Extracted records:

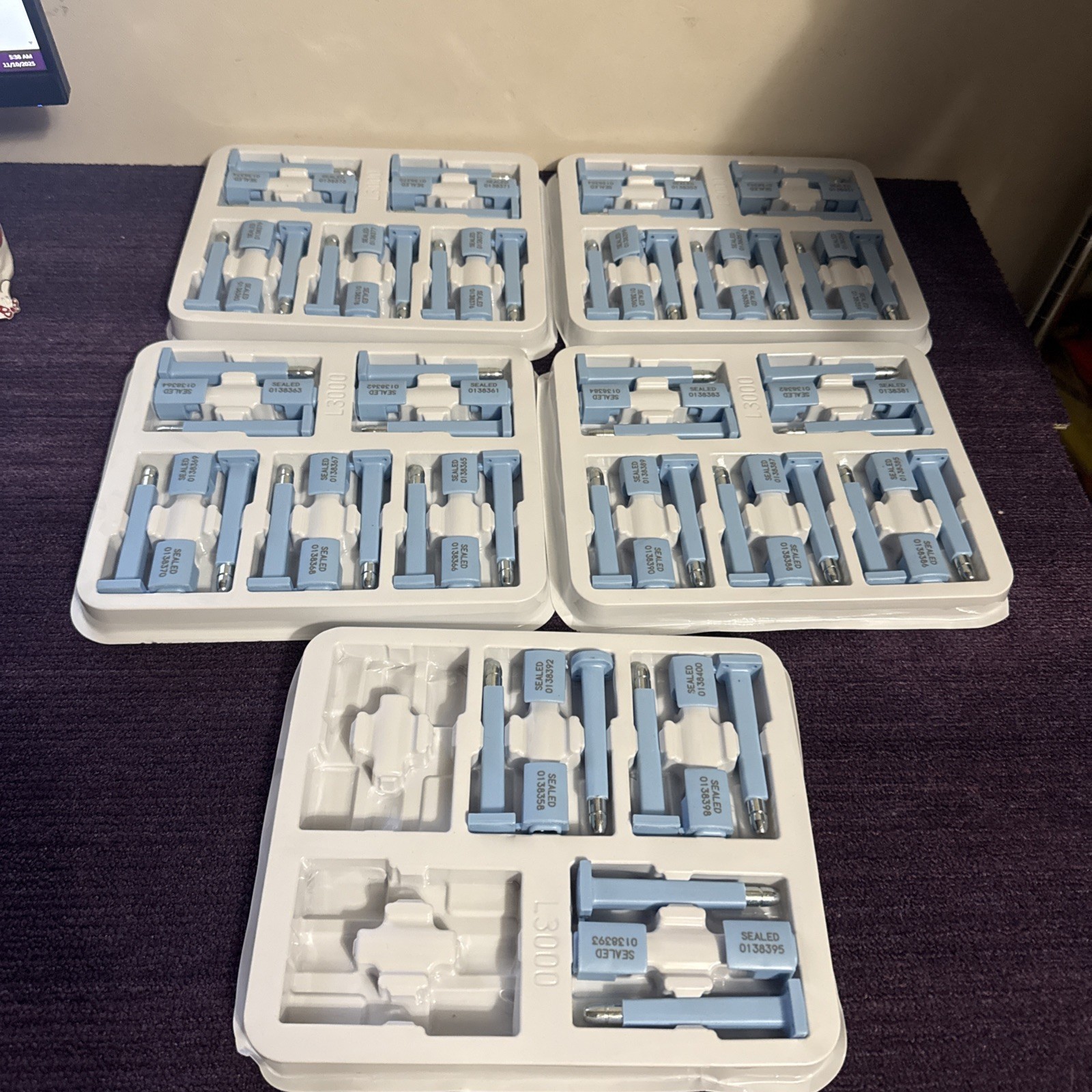 Blue Universal Locktainer 3000L Single Use Security Seals 46 Locking Pins
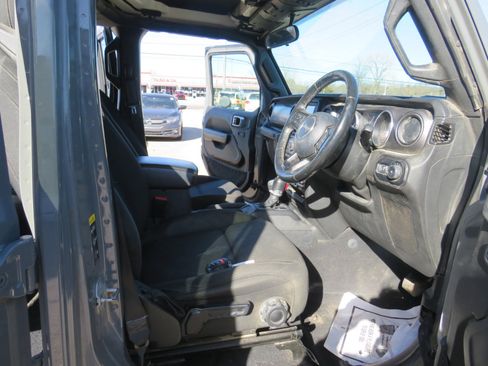 Used 2021 Jeep Wrangler Unlimited Sport w/ Cold Weather Group image 28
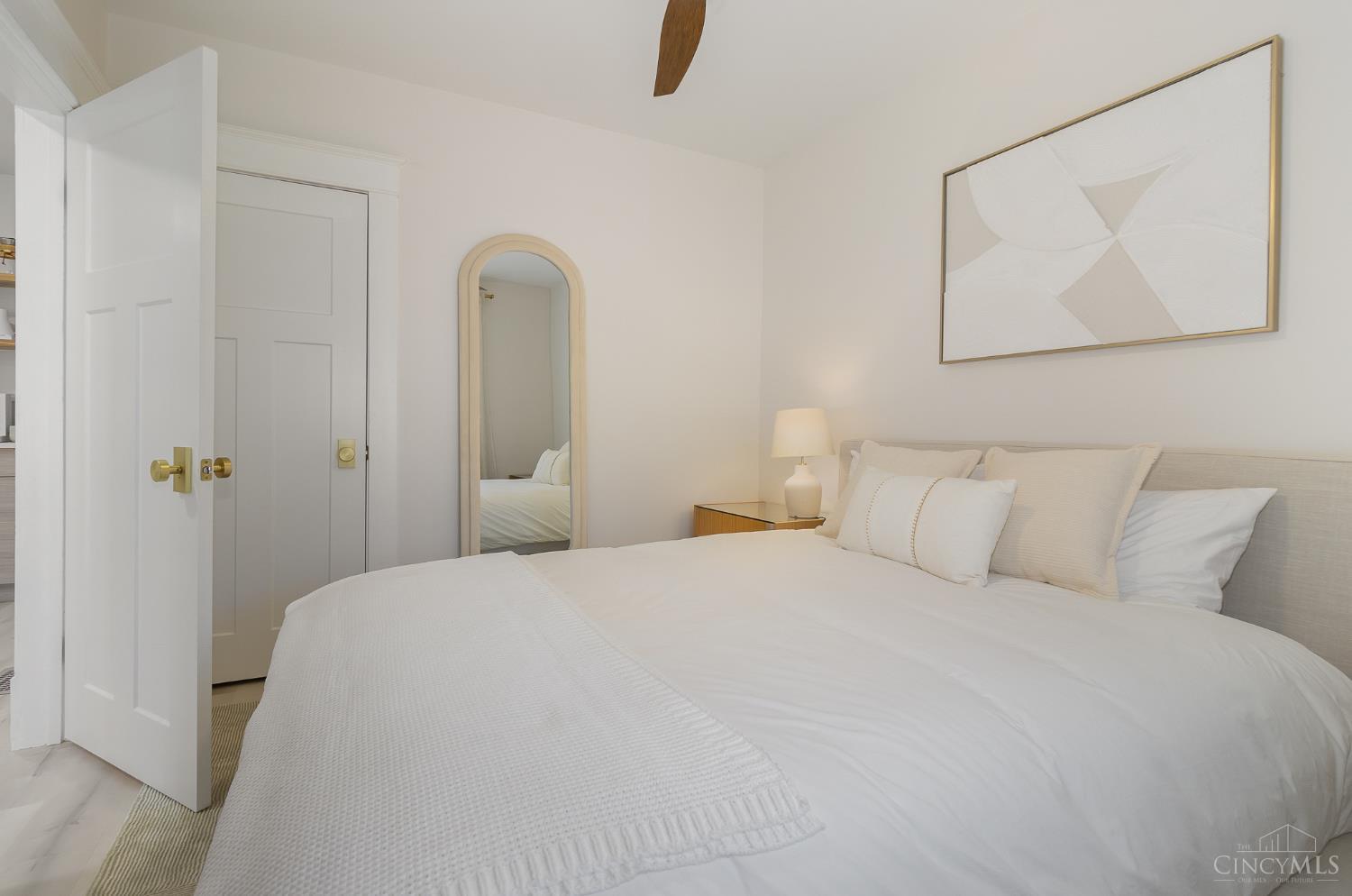 6823 Roe Street Cincinnati, OH 45227 - Photo 9 of 24 Gallery Image 9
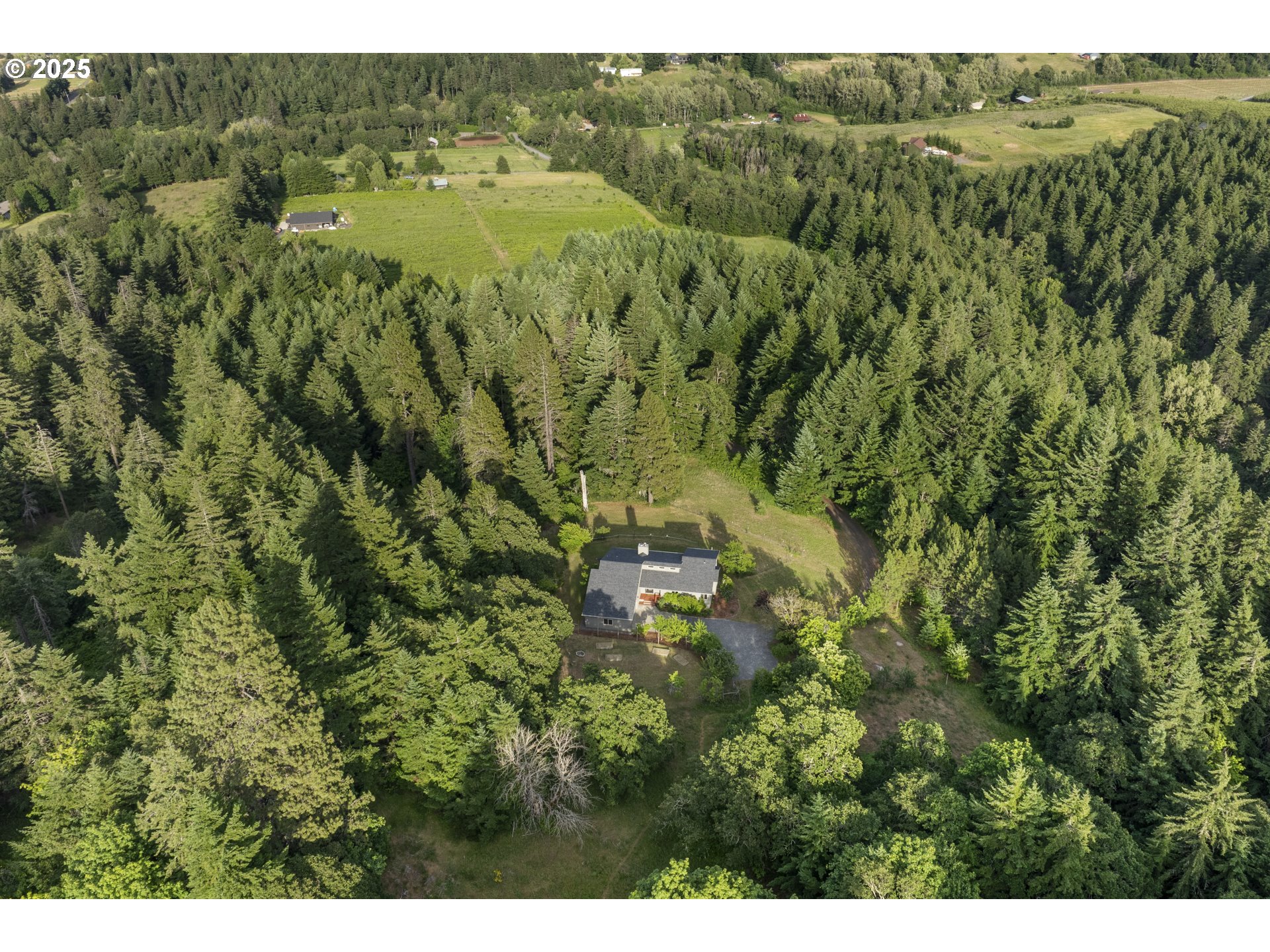 4719 Westwood Drive Hood River, OR 97031 - Photo 11 of 48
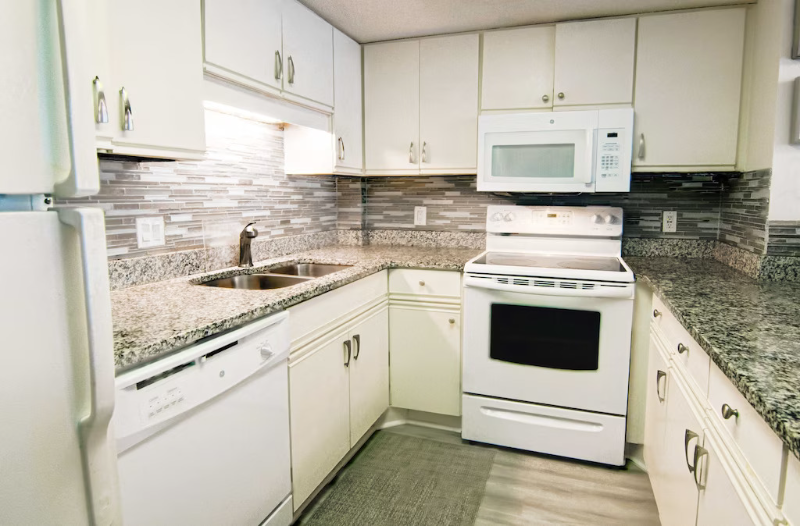 5500 North Ocean Boulevard - Photo 4 of 21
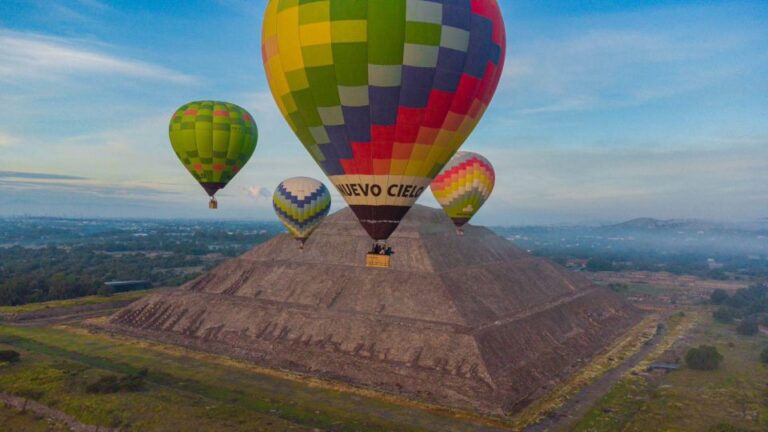 Mexico City:Balloon FlightBreakfast in Natural CavePickup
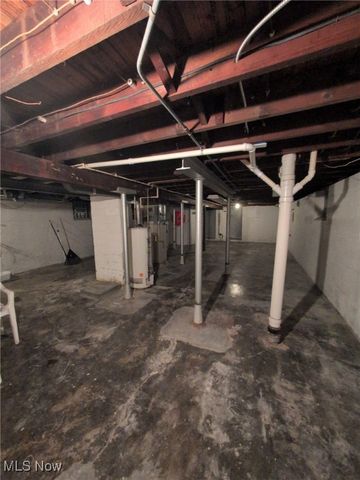 10217 Parkview Avenue, Garfield Heights, OH 44125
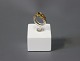 Georg Jensen 
ring in 18 ct. 
gold with a 
sapphire from 
the 1920s, 
number 137.
1,8 cm.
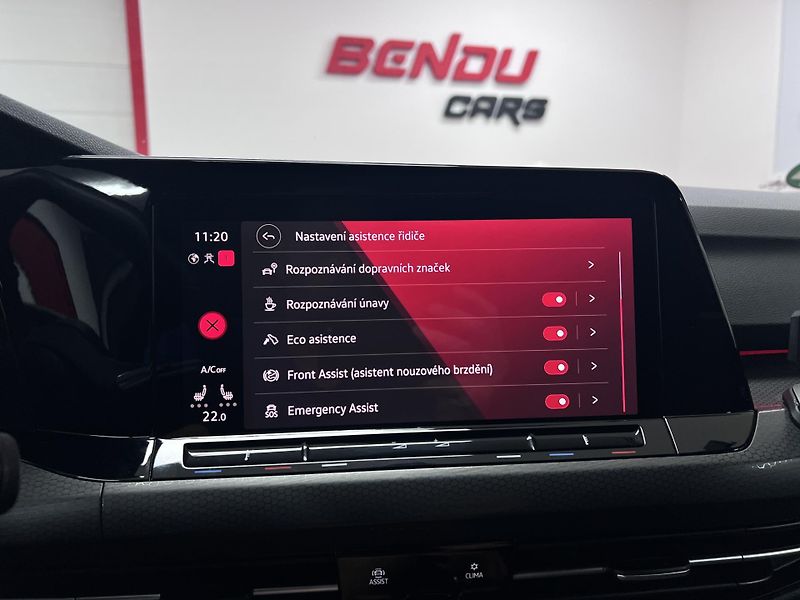 Volkswagen Golf GTI Clubsport 2.0 TSI 221 kW  - fotka 35 z 43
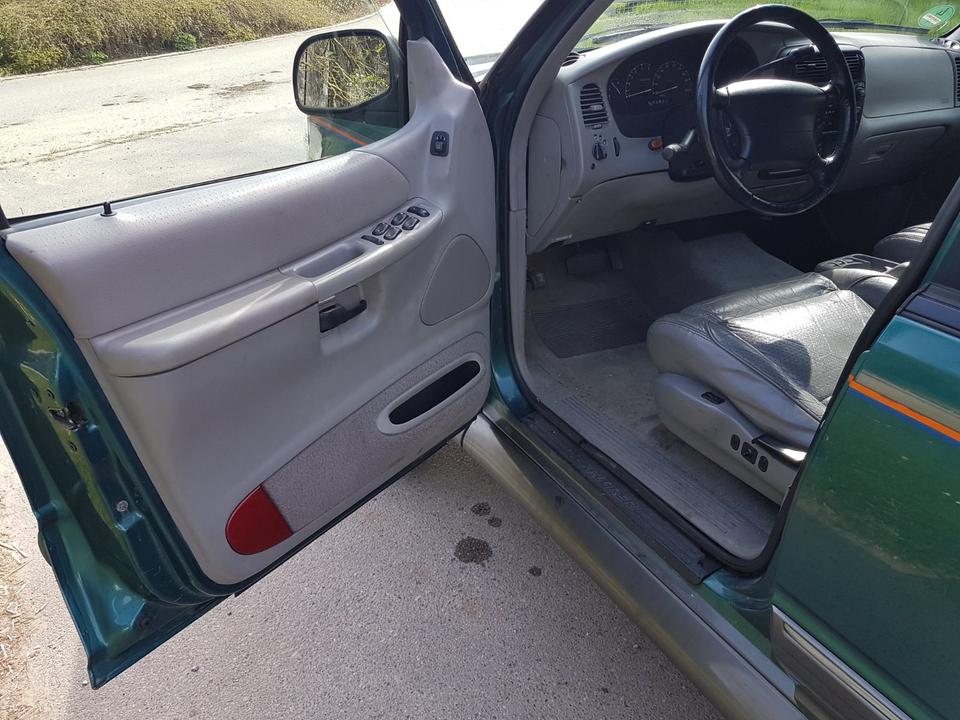Ford Explorer U2 4x4 Allrad 4,0 V6  пробіг: 215000 рік: Oktober 1998 Benzin потужність:207 PS коробка: Automatik ціна: 1990 - Фото 5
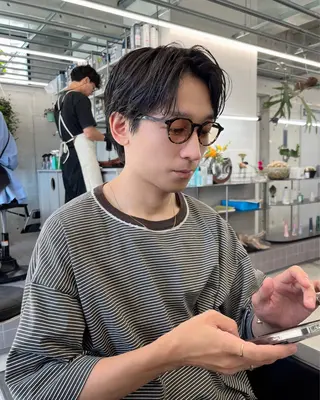 ショート メンズ ダブルカラー/ ケアブリーチ/クニトのヘアスタイル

What is needed:
Please reproduce the lines exactly from the one containing "6823 Roe Street" through the last line of the data above, and keep the pictures out.

Solution to the problem:
 6823 Roe Street Cincinnati, OH 45227 - Photo 9 of 24 Gallery Image 9
 4719 Westwood Drive Hood River, OR 97031 - Photo 11 of 48
 5500 North Ocean Boulevard - Photo 4 of 21
 Mexico City:Balloon FlightBreakfast in Natural CavePickup
 10217 Parkview Avenue, Garfield Heights, OH 44125
 Georg Jensen 
ring in 18 ct. 
gold with a 
sapphire from 
the 1920s, 
number 137.
1,8 cm.
 Volkswagen Golf GTI Clubsport 2.0 TSI 221 kW  - fotka 35 z 43
Ford Explorer U2 4x4 Allrad 4,0 V6  пробіг: 215000 рік: Oktober 1998 Benzin потужність:207 PS коробка: Automatik ціна: 1990 - Фото 5
 ショート メンズ ダブルカラー/ ケアブリーチ/クニトのヘアスタイル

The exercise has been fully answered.